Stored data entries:
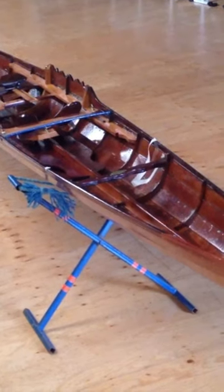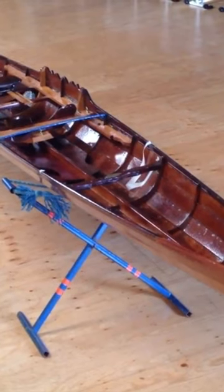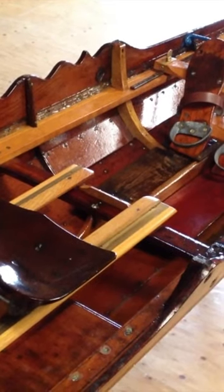Traditionally, boats were made stable by making them wide. So when I learned to scull, boats looked like this. They were slow and heavy and not very rewarding to scull.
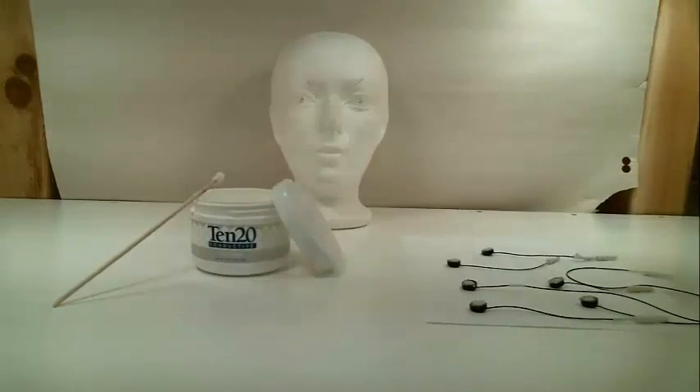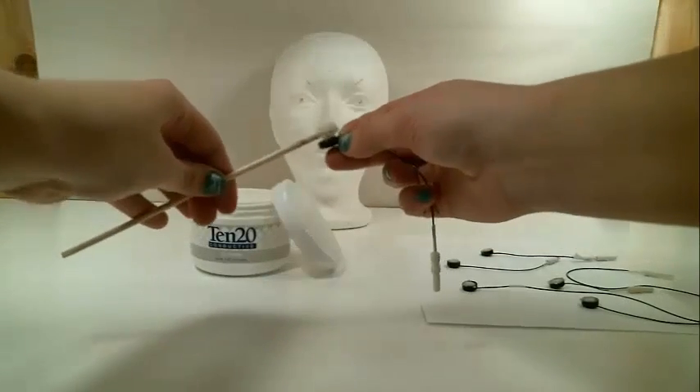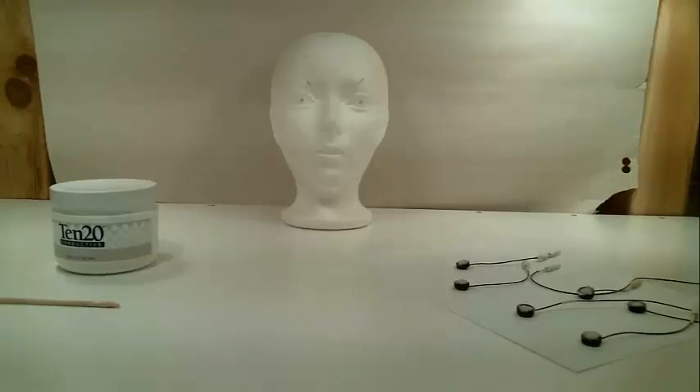First, we will fill the electrodes with a conductive gel. This gel is less soluble in water than other conductive gels, and it helps stick the electrodes to the skin. The gel is filled to the top of the electrode well. It is important that the well is completely filled so that electrical activity is conducted effectively.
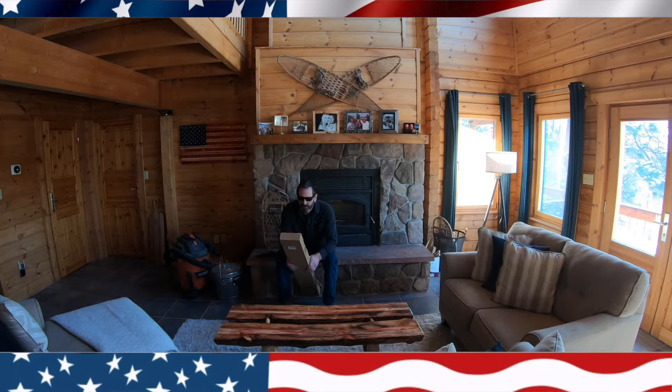Welcome to All Love and Working. Today we're going to review and demonstrate how to clean your fireplace.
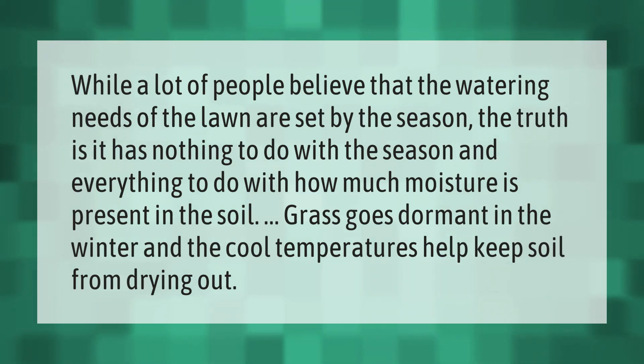While a lot of people believe that the watering needs of the lawn are set by the season, the truth is it has nothing to do with the season and everything to do with how much moisture is present in the soil. Grass goes dormant in the winter and the cool temperatures help keep soil from drying out.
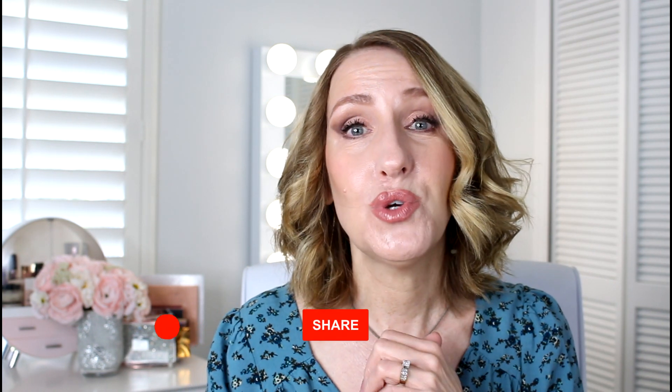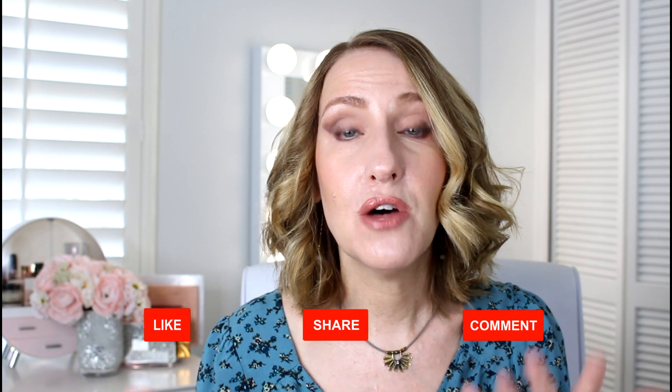Thank you guys so much for joining me. I really hope you enjoyed this video — if you did, please make sure you give it a thumbs up. I would really appreciate it if you would share this, because I know this review would be helpful to anybody searching for it. I'm not sure if there are a lot of reviews on this one. I will catch you guys all in my next video — bye!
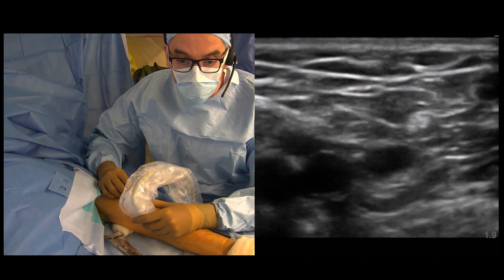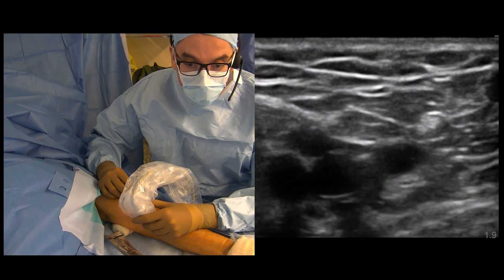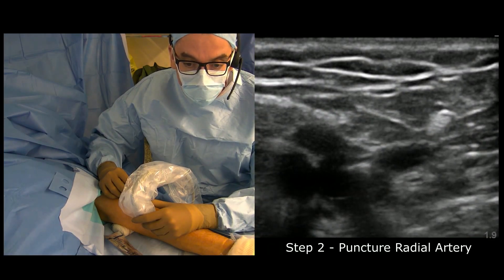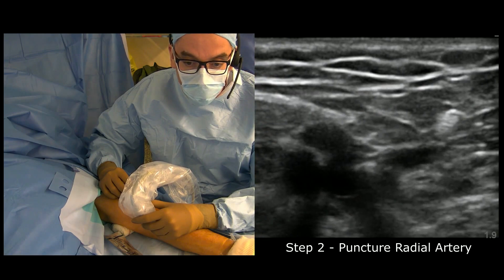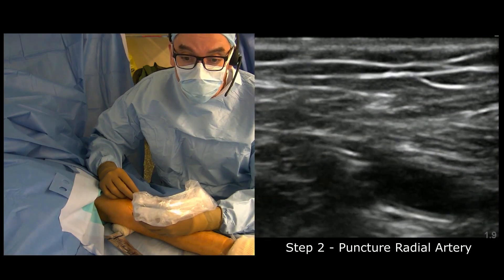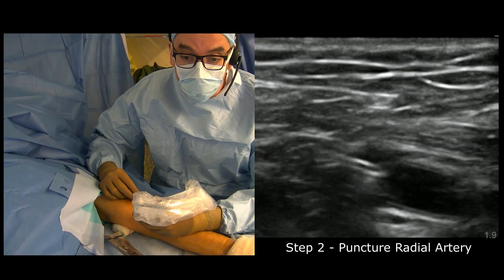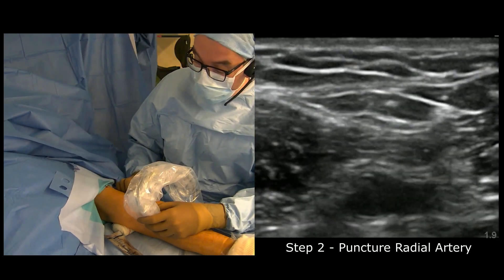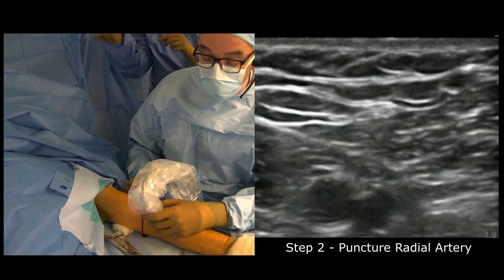With this technique, very fast and easy, I will reach just in front of the radial artery and start pushing against it. I can see that I'm almost ready to enter. I'm going to switch to longitudinal view and push to enter the radial artery. I have pulsatile flow right here — you can appreciate the pulsatile flow.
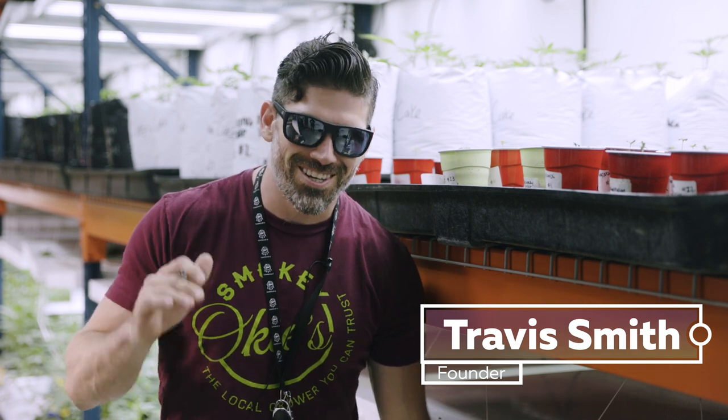Hey guys, welcome back. I'm Travis of Smokey Oakies, and this is gonna be a cool series we're gonna do — it's called 1212 from seed. If you've been following along on the blog or if you're growing at home, you know that there are two photo periods of cannabis when you're growing indoors. You've got to first grow your plant under 18/6 lighting — 18 hours on, six hours off.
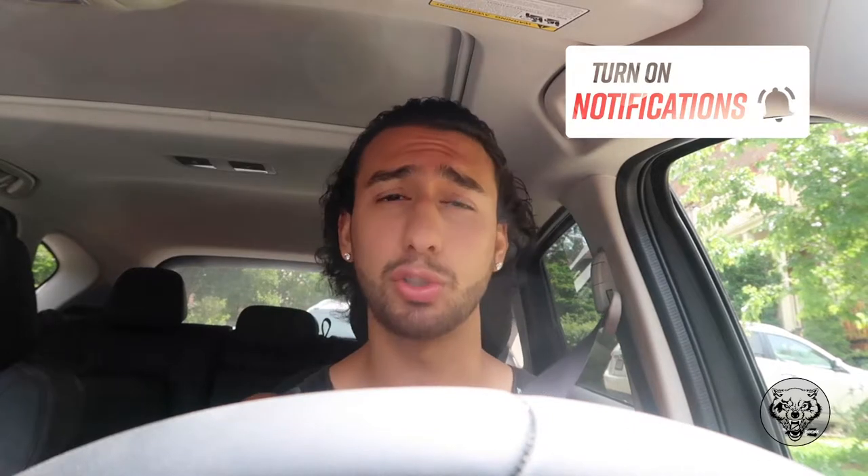I want to bring you guys through it — it's going to be a whole vlog. I want to show you guys everything: the meals I'm having, my calories, my macro splits, and the workouts. So if you want to take part in this mini cut, don't forget to subscribe and hit that notification bell so you know when these videos come out, especially for this mini cut.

THE TASK. Reproduce the data above exactly, but only the lines from the one showing "With this technique, very" through the one showing "Hey guys, welcome", with both ends kept and the pictures left out.

OUTPUT OF THE EXERCISE.
With this technique, very fast and easy, I will reach just in front of the radial artery and start pushing against it. I can see that I'm almost ready to enter. I'm going to switch to longitudinal view and push to enter the radial artery. I have pulsatile flow right here — you can appreciate the pulsatile flow.
Hey guys, welcome back. I'm Travis of Smokey Oakies, and this is gonna be a cool series we're gonna do — it's called 1212 from seed. If you've been following along on the blog or if you're growing at home, you know that there are two photo periods of cannabis when you're growing indoors. You've got to first grow your plant under 18/6 lighting — 18 hours on, six hours off.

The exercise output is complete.